Impatience (Charles Dekeukeleire, 1928, 36’20)
Composition musicale de Thomas Smetryns
Un carton introductif informe le spectateur que le film sera composé de quatre séries d’images: ‘La moto, la femme, la montagne et des blocs abstraits’, éléments à partir desquels Dekeukeleire va construire son film selon des paramètres très précis. Le rythme du film est donné par une fragmentation mathématique en segments temporels. Les quatre jeux d’images vont se succéder dans toutes les combinatoires possibles, sans que jamais soit prise en compte une ligne mélodique ou une montée dramatique.
Histoire de détective (Charles Dekeukeleire, 1929, 50’52)
Composition musicale de Geert Callaert
Une femme inquiète du comportement de son mari, trop souvent absent, demande à un détective de le suivre et de lui faire un rapport. Argument classique de fiction, semble-t-il, d’autant plus que Charles Dekeukeleire découpe son film par des cartons qui nous informent des rebondissements de l’histoire. Cependant, cette trame ne sert qu’à mettre en avant un prétexte pour mieux désarticuler le récit au profit du seul cinéma. En effet, le détective va employer un appareil de prise de vues comme instrument d’investigation. La caméra devient ainsi le personnage principal et sa subjectivité va être le sujet essentiel du film. Cartons dessinés par le peintre Victor Servranckx.

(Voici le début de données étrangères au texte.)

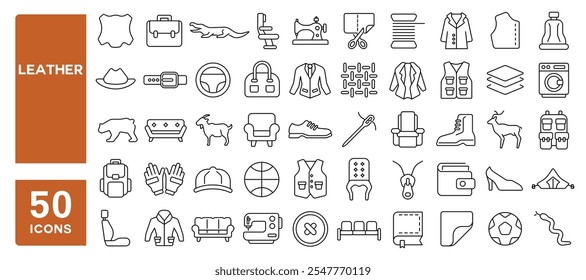 Conjunto de 50 iconos de línea relacionados con cuero, cinturón, cartera, natural, caso, bolso, monedero, calzado, ropa, sombrero, cubierta, golpe editable. Ilustración vectorial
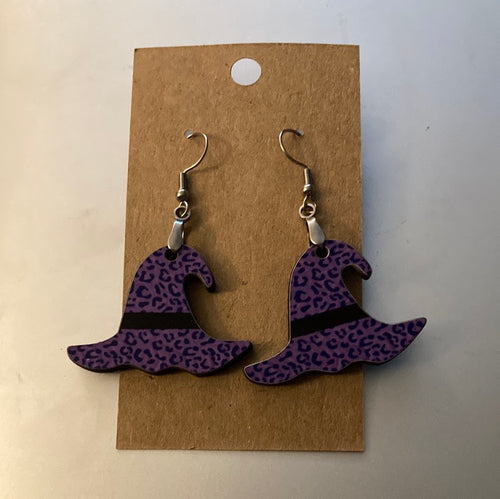 Purple Print 1 (WH03) Witch Hat Earrings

La perle (Henri d’Ursel, 1929, 33’23)
Composition musicale de Mireille Capelle
Le comte Henri d’Ursel réalise La perle sous le pseudonyme d’Henri d’Arche dans, selon lui, ‘l’enthousiasme de l’inexpérience’. Il ne tourna qu’un seul film sur un scénario du poète Georges Hugnet. Dans un Paris calqué sur les feuilletons de Louis Feuillade, le héros se lançait à la poursuite d’une perle, sans cesse perdue et retrouvée, au fil des rencontres les plus insolites: souris d’hôtel gainées de collants à la Musidora, belle fiancée à bicyclette ou somnambule des toits en chemise de nuit, fantasmes amoureux dans les sous-bois. Hugnet jouait lui-même ce rêveur éveillé, hanté par un érotisme sans cesse présent dans les images.
Monsieur Fantômas (Ernst Moerman, 1937, 17’16)
Composition musicale de Geert Callaert
Ernst Moerman était amateur passionné des exploits du personnage de Souvestre et Allain, Fantômas, qu’il surnommait ‘le gentleman démoralisateur’, Moerman en fit le héros emblématique de son moyen métrage muet Monsieur Fantômas. Tourné à petits frais sur une plage du littoral et dans un vieux cloître, ce brûlot surréaliste se place d’emblée sous le signe des ciné-feuilletons de Feuillade. En smoking et chapeau claque, le Maître du Crime (incarné par le père du futur Johnny Hallyday) parcourt le monde à la poursuite de la belle Elvire, jalonnant son itinéraire de méfaits et d’outrages aux bonnes moeurs. On retrouve ici l’amour fou, les méandres du rêve, l’anticléricalisme forcené, l’appel à la subversion et à l’aventure dans ‘un monde où rien n’est impossible, où le miracle est le plus court chemin de notre inquiétude au mystère’ (E. Moerman).